Resiliencia organizacional

Deficinión de resiliencia organizacional

La resiliencia organizacional es la capacidad de una organización para adaptarse a los cambios. No depende exclusivamente de la dirección ni de los empleados si no de que exista un verdadero vínculo entre ambas partes basado en la confianza y la comunicación que les lleve a sentirse comprometidos con la organización y, por lo tanto, motivados para sacarle adelante ante cualquier cambio que se pueda presentar.

Si bien la acción de enfrentar el cambio no es estable si no que surge con el cambio la cultura necesaria para que una organización sea resiliente sí se construye con el tiempo y se basa en lo que se denomina ‘Modelo de acción resiliente’ (MAR).

Este concepto se explica como el cuidado interno, personal e interpersonal. Dicho de otra manera, la organización se ‘autocuida’: todos los que la forman cuidan a la organización y a sus miembros. Es decir, se cuida el clima laboral, las tradiciones, la infraestructura, los procesos de aprendizaje, el cuidado de la infraestructura de la organización o sus políticas y valores, etc.
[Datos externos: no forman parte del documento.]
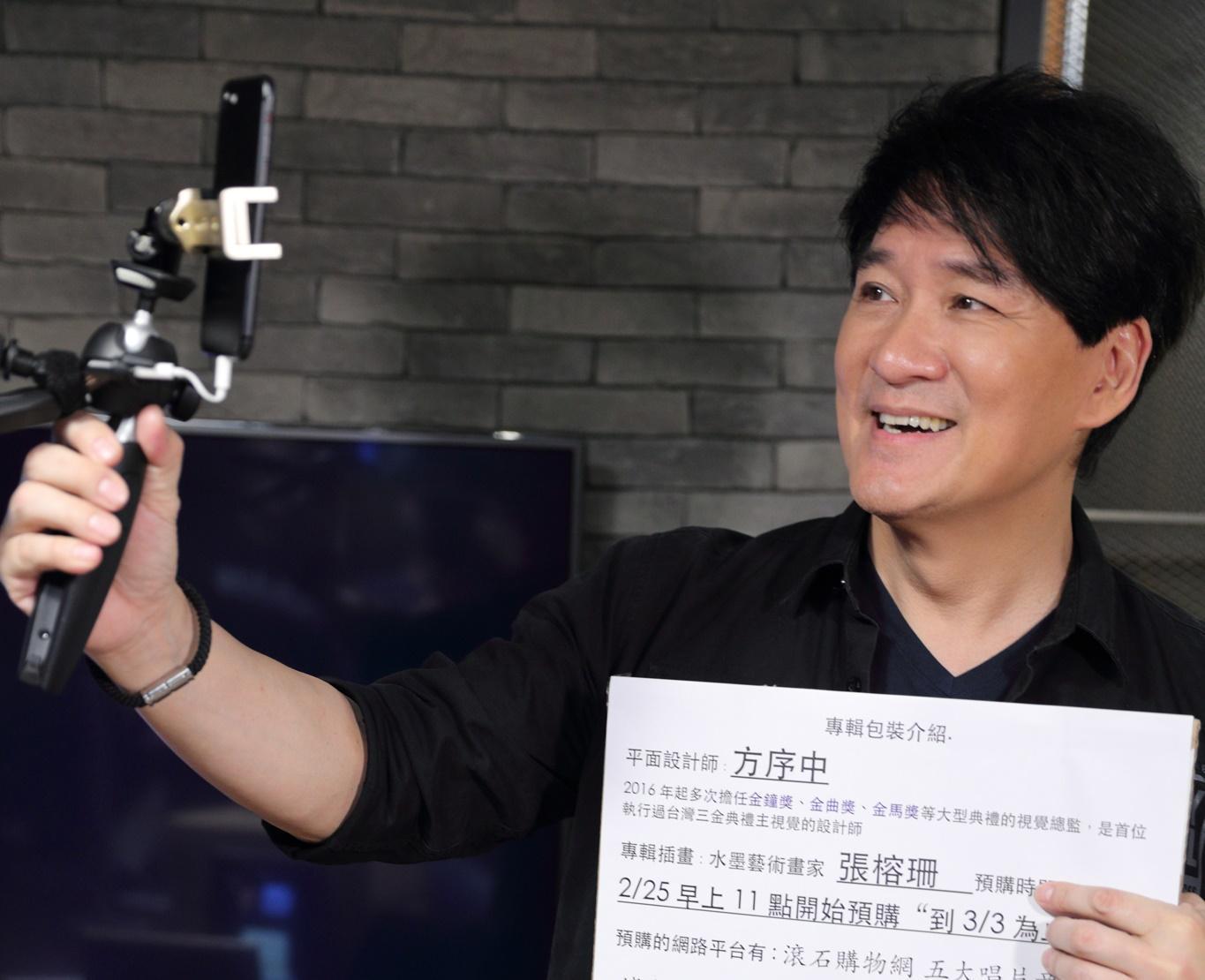 周華健在這張由舞台劇衍生而出的戲劇原聲作品《周華健張大春原創音樂劇 賽貂蟬》中,做了極大的努力。(滾石唱片提供)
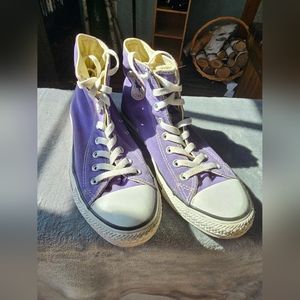 Converse HI tops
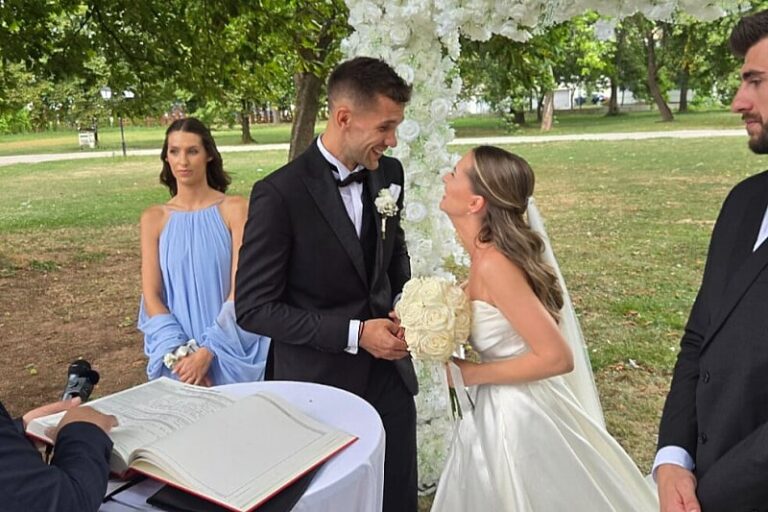 Emir Sulejmanović i supruga se vjenčali i pred matičarem, evo kako je bilo na svadbi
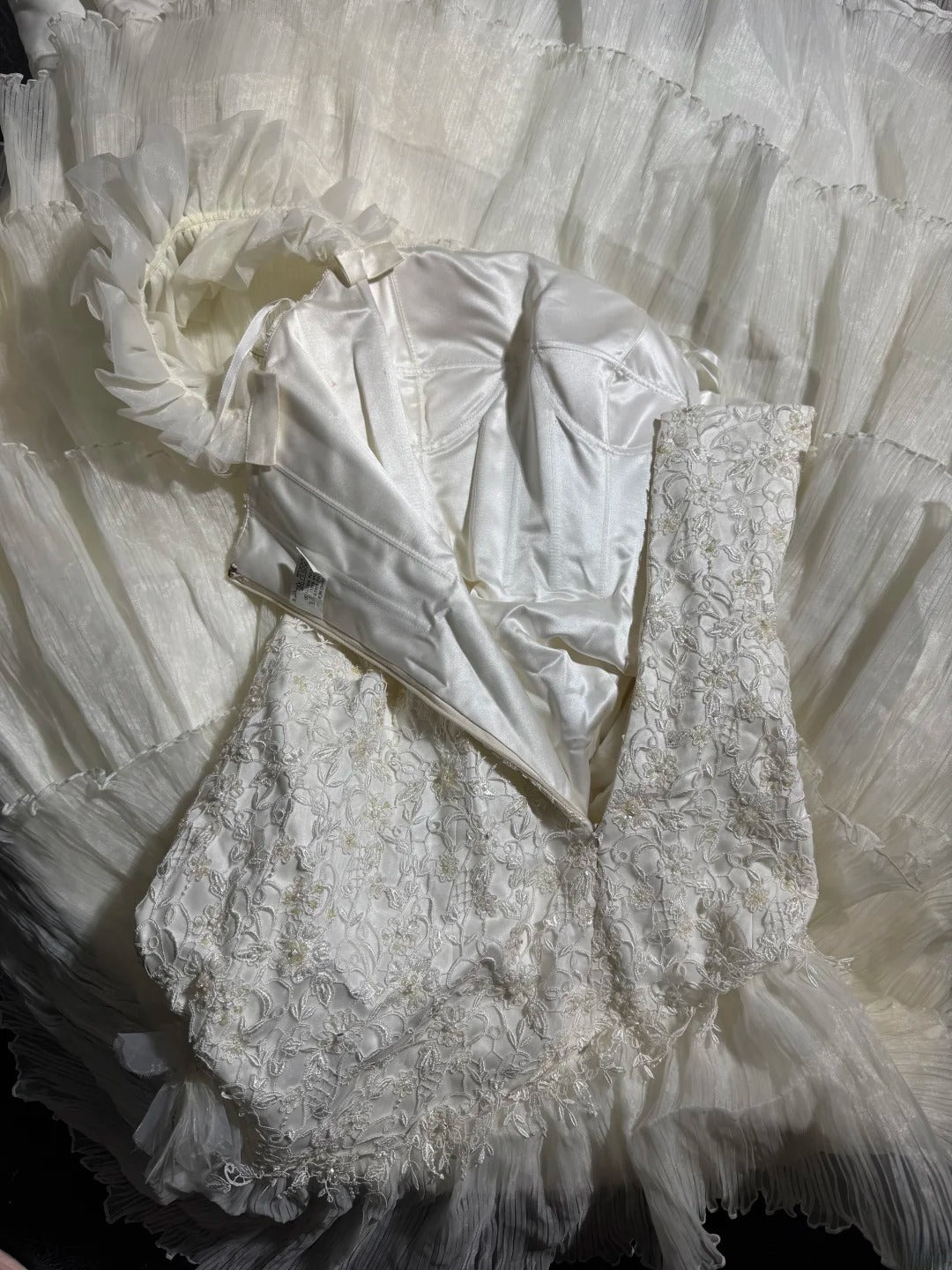 Vintage Damen Meerjungfrauenkleid, ärmellos, aus weißer Spitze, gestuftem Satin, lang, tailliert, im Stil der 1920er Jahre, AS035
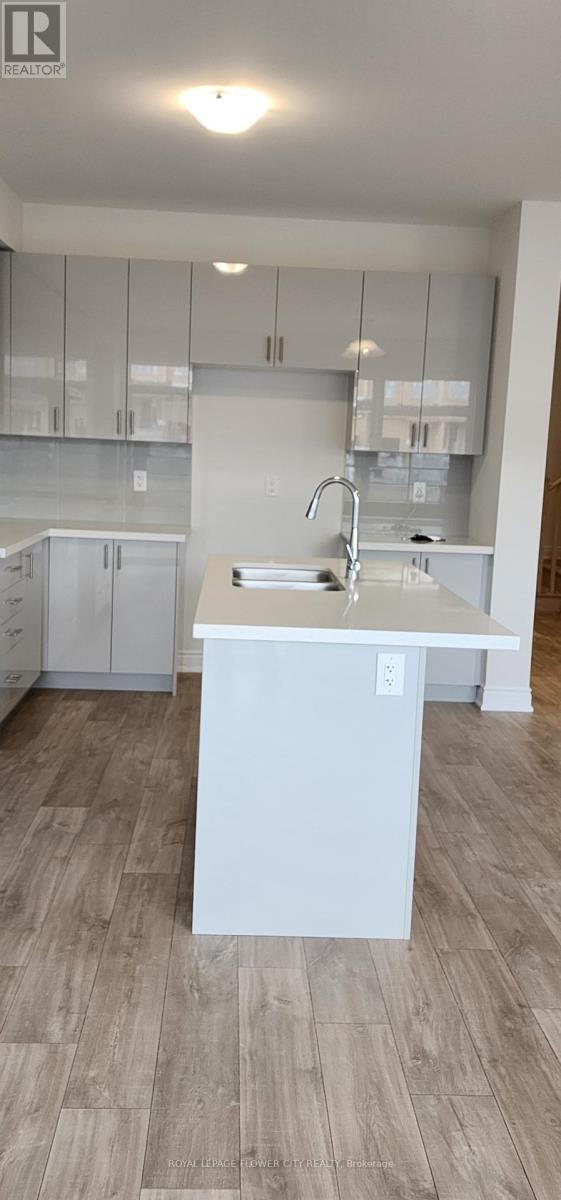 Photo - 651 Pollock Grv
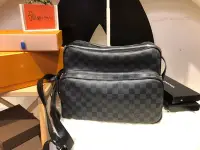 在飛比找Yahoo!奇摩拍賣優惠-※芯閣名牌精品店※ LOUIS VUITTON LV 黑格 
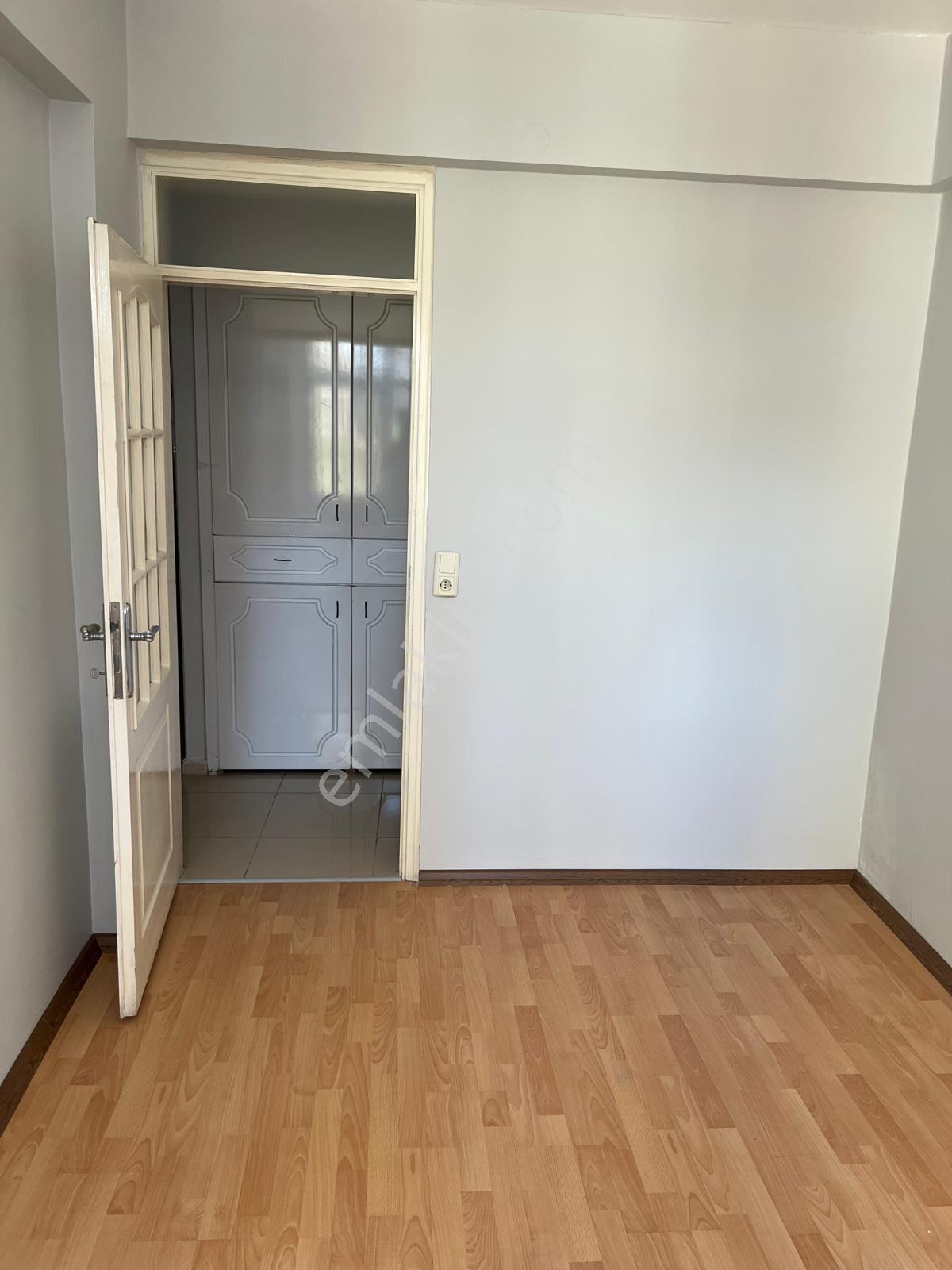 Ciftlik Mahallesinde İci Temiz Satılık Daire - Görsel 15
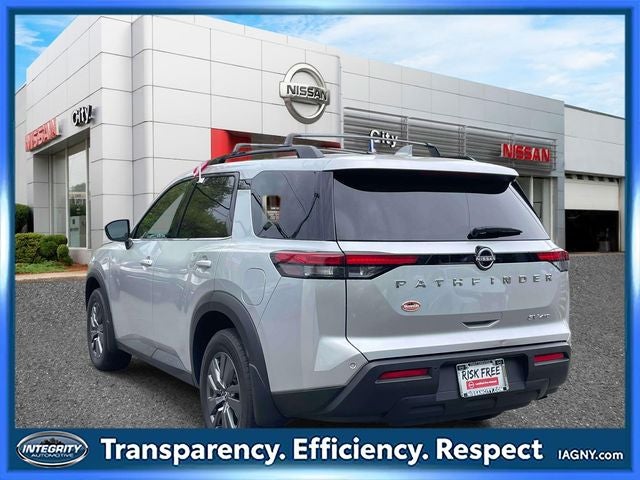 2022 Nissan Pathfinder SV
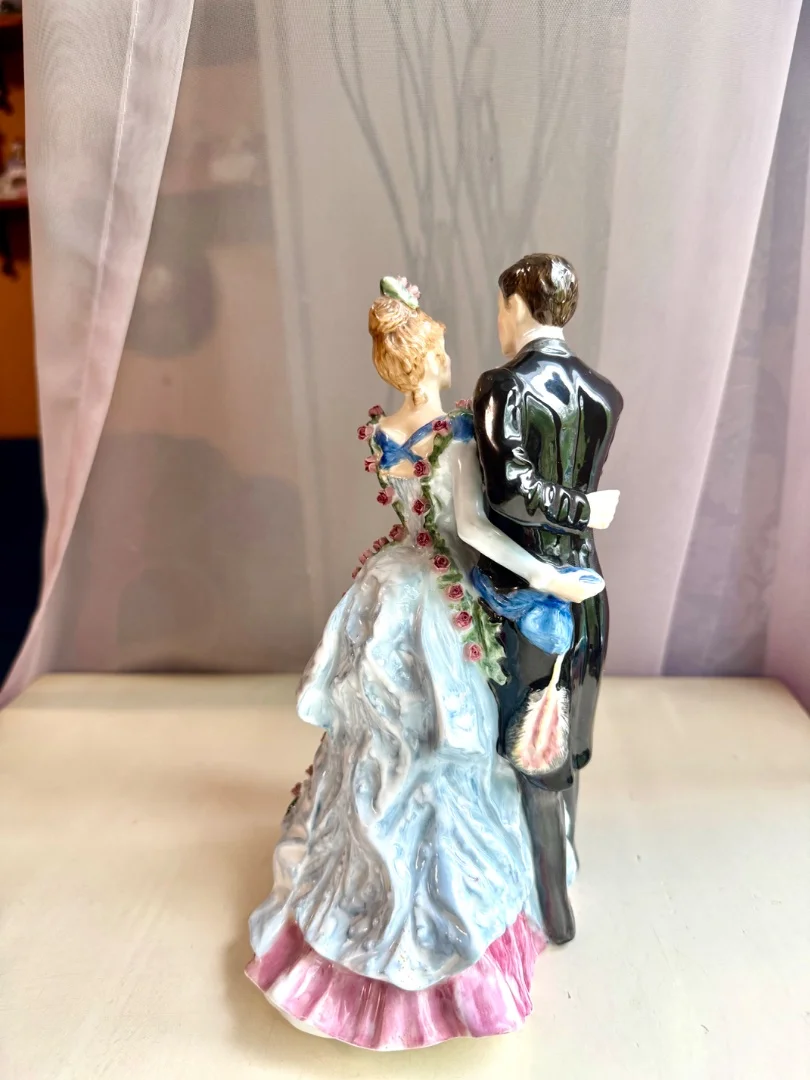 Статуэтка Royal Doulton. Англия - миниатюра 4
Beneficios de la aplicación de la resiliencia en las empresas

Esta cultura del cuidado interno tiene en sí misma beneficios para la organización. Al incentivar el intercambio de conocimiento fomenta el crecimiento intelectual. También mejora el clima laboral y la colaboración entre las distintas áreas porque los profesionales reconocen su interdependencia.

En la actualidad las transformaciones se suceden continuamente, no sólo en el ámbito tecnológico o digital. Tal es así, que los expertos recomiendan a las compañías elaborar planes de gestión del cambio para poder adaptarse mejor a estos desafíos. En un mundo cada vez más cambiante como el actual las organizaciones tienen que estar preparadas para generar oportunidades a partir de ellos.

En cualquier caso, “reestructurar los planes oportunamente es la clave para que la organización tenga la capacidad de responder a eventos emergentes”, afirma PWC en la ‘Encuesta sobre Resiliencia Organizacional y Gestión de Riegos 2018’ que elaboró para algunos países de América Latina.

De igual manera, para adaptarse a los cambios, además de está cultura del cuidado interno, las organizaciones deben cultivar dos habilidades: la flexibilidad y la agilidad. Es lo que se ha dado en llamar también organizaciones líquidas’, por la capacidad de este estado de la materia para adaptarse a cualquier tipo de continente y cambiar de uno a otro con la mayor facilidad. Se relacionan también este tipo de organizaciones con el elemento agua porque la transparencia es una condición indispensable para mantener el vínculo de los colaboradores con la compañía a través de su compromiso.